Wässern Sie die Eiche durchdringend. Das heißt, dass sichtbar Wasser unten aus dem Pflanztopf läuft, denn dann ist der Boden gut durchfeuchtet. Vor dem nächsten gießen, darf das Substrat etwas antrocknen, aber nicht völlig austrocknen! Am besten prüfen Sie mit der Fingerprobe, ob die oberen Erdschichten schon trocken sind. Manchmal hilft es auch etwas, außen am Kübel zu fühlen.

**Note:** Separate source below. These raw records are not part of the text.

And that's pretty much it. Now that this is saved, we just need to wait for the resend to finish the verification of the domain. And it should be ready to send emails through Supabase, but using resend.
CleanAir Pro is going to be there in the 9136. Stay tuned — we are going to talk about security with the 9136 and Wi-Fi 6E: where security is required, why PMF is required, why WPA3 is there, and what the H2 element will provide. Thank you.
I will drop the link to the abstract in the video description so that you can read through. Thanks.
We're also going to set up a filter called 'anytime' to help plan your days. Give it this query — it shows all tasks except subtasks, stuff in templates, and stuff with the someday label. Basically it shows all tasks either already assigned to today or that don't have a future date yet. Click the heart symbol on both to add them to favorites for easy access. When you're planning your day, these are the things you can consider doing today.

Wenn sich der Kübel außen etwas kühl anfühlt, ist auch noch genügend Feuchtigkeit vorhanden. Fühlt sich der Kübel eher warm an oder ähnlich der umgebenden Temperatur, dann ist Wässern durchaus ratsam.

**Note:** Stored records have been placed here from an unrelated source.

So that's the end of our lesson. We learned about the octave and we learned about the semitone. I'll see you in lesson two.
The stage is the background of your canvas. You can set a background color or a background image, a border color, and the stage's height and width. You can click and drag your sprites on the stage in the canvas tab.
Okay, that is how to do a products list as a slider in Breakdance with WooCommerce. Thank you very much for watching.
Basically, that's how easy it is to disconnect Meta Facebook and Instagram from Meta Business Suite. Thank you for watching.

Auspflanzen der jungen Eiche in den Garten

Den richtigen Zeitpunkt und Standort wählen

Der Herbst ist die beste Pflanzzeit, denn dann bereitet die Wärme der Pflanze nicht so viel Stress und alle Stoffwechselprozesse laufen langsamer ab. Wählen Sie zudem einen Tag aus, an dem es nicht regnet.

Eine Eiche braucht viel Platz und wächst. Sorgen Sie also für ausreichend Abstand zu Bäumen und Gebäuden, Carports, Zäunen, Mauern, Leitungen im Boden oder Fundamenten. Ideal sind Freiflächen. Der Standort sollte sonnig bis halbschattig sein. Licht trägt immer zu gutem Wachstum bei. Der Boden sollte durchlässig sein, kann aber mit gehäckselten Eichenblättern und Humus aufgewertet werden - noch besser ist Walderde.

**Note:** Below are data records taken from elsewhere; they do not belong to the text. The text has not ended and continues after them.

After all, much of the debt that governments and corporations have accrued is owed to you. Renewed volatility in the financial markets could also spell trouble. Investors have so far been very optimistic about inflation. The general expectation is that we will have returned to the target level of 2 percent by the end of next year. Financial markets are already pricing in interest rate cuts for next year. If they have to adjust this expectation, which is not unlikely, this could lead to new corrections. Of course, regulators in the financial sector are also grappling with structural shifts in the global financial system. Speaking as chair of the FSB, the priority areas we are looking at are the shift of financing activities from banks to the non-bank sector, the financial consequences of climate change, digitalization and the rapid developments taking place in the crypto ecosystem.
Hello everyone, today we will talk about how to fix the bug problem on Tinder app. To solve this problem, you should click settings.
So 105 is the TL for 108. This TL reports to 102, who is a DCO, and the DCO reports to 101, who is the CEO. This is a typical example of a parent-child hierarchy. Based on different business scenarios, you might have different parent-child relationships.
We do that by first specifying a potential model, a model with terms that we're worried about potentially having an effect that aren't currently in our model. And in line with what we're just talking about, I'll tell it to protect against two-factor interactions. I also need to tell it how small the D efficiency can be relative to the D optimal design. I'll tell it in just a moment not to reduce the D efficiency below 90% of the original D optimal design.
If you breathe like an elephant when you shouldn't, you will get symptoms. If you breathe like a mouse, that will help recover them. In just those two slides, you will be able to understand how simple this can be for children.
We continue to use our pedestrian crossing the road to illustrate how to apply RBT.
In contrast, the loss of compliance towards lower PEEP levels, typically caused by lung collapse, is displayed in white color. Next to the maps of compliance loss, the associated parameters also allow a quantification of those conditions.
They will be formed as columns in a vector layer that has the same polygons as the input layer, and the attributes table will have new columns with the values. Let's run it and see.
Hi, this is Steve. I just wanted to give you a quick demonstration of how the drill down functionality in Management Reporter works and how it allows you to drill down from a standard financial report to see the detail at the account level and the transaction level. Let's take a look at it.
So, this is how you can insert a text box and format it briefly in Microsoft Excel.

Der Standort sollte mit dem Gartenschlauch am besten intensiv eingeschlämmt werden, da der Eichenbaum viel Feuchtigkeit benötigt. Auf diese Weise etabliert er sich problemlos innerhalb kurzer Zeit. Graben Sie den Standort gut um und heben Sie ein Pflanzloch aus (Breite: doppelt wie Wurzelballen; Tiefe: mindestens wie Pfahlwurzel). Erdaushub mit Laub oder reifem Kompost anreichern. Nehmen Sie den Keimling vorsichtig aus dem Top. Wenn dies nicht möglich ist, zerschneiden Sie den Pflanztopf. Verletzen Sie dabei die lange Pfahlwurzel nicht, denn dann wird der Pflänzling nicht anwachsen. Setzen Sie die Eiche samt Ballen behutsam in das Pflanzloch und achten Sie darauf, dass die Pfahlwurzel nicht umknickt. Füllen Sie nun das Pflanzloch nun auf und treten Sie die Erde fest. Sie können die Eiche mit Stützpfahl ausrüsten und an diesem festbinden. Gießen Sie die Erde gründlich an.

Gießen

Junge Pflanzen müssen Sie regelmäßig gießen, damit der Standort nicht austrocknet. Das ist wichtig, damit die Wurzel nicht austrocknet, die sich bis zu diesem Zeitpunkt noch tiefer in die Erde gräbt, um ausreichend Wasser aus dem Boden extrahieren zu können. Gegossen wird am besten über Regenwasser oder anderes Wasser ohne höhere Kalkmengen. Ein Eichenbaum kommt hervorragend ohne zusätzliche Wassergaben aus, sobald er sich am Standort etabliert hat.

Eichenbaum pflegen

Viel Pflege braucht sie später nicht Anfangs sollten Sie das Unkraut entfernen, damit die Eiche genug Licht bekommt. Eine Mulchdecke verhindert, dass der Boden zu sehr austrocknet. Bei älteren Bäumen ist das nicht mehr notwendig.